→ **Supplied data**:
+===+
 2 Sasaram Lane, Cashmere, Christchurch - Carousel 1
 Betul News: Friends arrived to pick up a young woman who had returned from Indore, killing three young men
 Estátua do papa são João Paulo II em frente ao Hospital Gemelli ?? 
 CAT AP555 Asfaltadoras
+===+
→ **Exercise**:
What you give back should be the full listing, copied exactly.

→ **Output below**:
 2 Sasaram Lane, Cashmere, Christchurch - Carousel 1
 Betul News: Friends arrived to pick up a young woman who had returned from Indore, killing three young men
 Estátua do papa são João Paulo II em frente ao Hospital Gemelli ?? 
 CAT AP555 Asfaltadoras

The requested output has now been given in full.